In all 5 patients treated the hemoglobin level dropped. Despite increasing doses of erythropoetin and transfusions, 2 patients had to discontinue ribavirin after 7 weeks. Two other patients were able to tolerate ribavirin at 200 mg TIW. The fifth patient remained at a dose of 200 mg daily. Ribavirin plasma levels were 2517 and 1594 ng/ml at doses of 200 mg daily and TIW, respectively. In comparison, patients with normal renal function taking ribavirin 1200 mg daily had serum levels of 2300 ng/ml (4).
Four of five patients achieved undetectable HCV RNA during treatment. Three of the four responders had undetectable HCV RNA by week 4. The fourth patient cleared the virus by treatment week 16. No data is available for sustained virological response in these patients.
In both of these studies combination therapy with standard interferon and ribavirin suppressed HCV-RNA in the majority of hemodialysis patients. The authors concluded that a high percentage of sustained response is possible in this difficult-to-treat patient group.
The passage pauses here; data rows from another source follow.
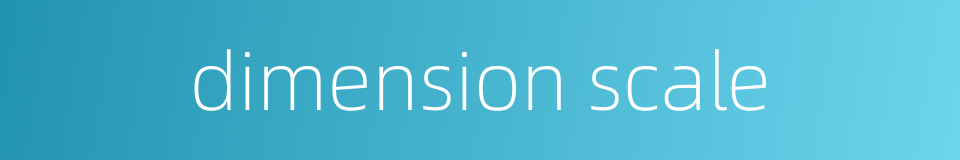 dimension scale的同义词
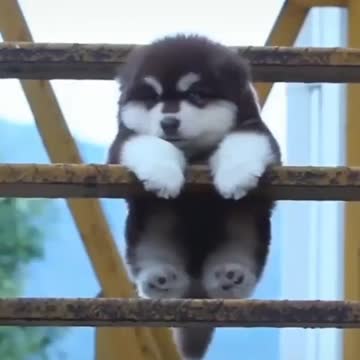 The dog clings to the tray, does exercises, and hears stimulating music.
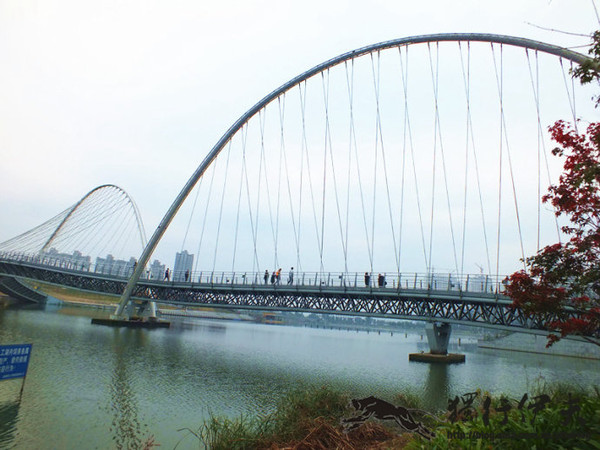 龙港大桥两岸,虽然渔村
As noted by both Bruchfeld and Tan (2,3), ribavirin-induced anemia was an important problem that could be ameliorated by ribavirin dose reductions and the use of erythropoetin.
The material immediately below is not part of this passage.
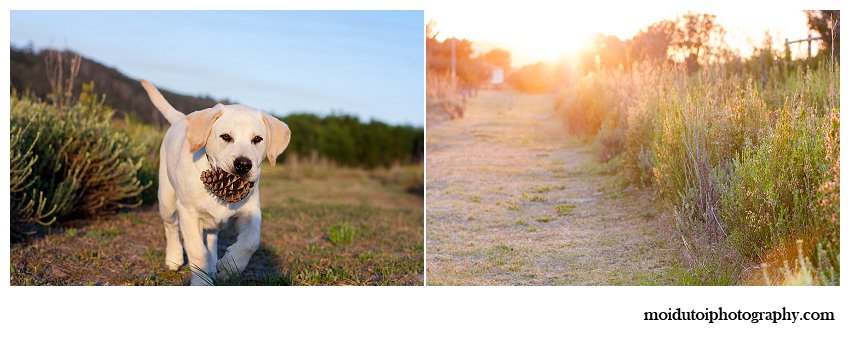 Yellow labrador puppy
A multi-center randomized trial of pegylated interferon alfa-2b alone versus pegylated interferon alfa-2b plus ribavirin for 48 weeks is being conducted at 4 sites. Anticipated enrollment is 60 patients. The primary endpoints are sustained biochemical and virological response. The safety and tolerability of these two regimes in hemodialysis patients with hepatitis C will also be assessed. Pegylated interferon alfa-2b is given 1 µg/kg weekly after dialysis. Ribavirin is given in syrup form, starting at 3 mg/kg per week and adjusted to keep hemoglobin >9.5 g/dl.
1. Huraib S, Tanimu D, Romeh S, Quadri K et al. Interferon alfa in chronic hepatitis C infection in dialysis patients. Am] Kidney 1999; 34 (no. 1): 55-60.
2. Bruchfeld A, Stahle L, Andersson] and Schvarcz R. Interferon and ribavirin therapy in dialysis patients with chronic hepatitis C. Nephol Dial Transplant 2001, 16:1729-30.
3. Tan A, Brouwer], Glue P et al. Safety of interferon and ribavirin therapy in haemodialysis patients with chronic hepatitis C; results of a pilot study. Neprol Dial Transplant 2001, 16: 193-4.
4. Glue, P. The clinical pharmacology of ribavirin. Seminars in Liver Disease, 1999, 19(suppl. 1):17-24.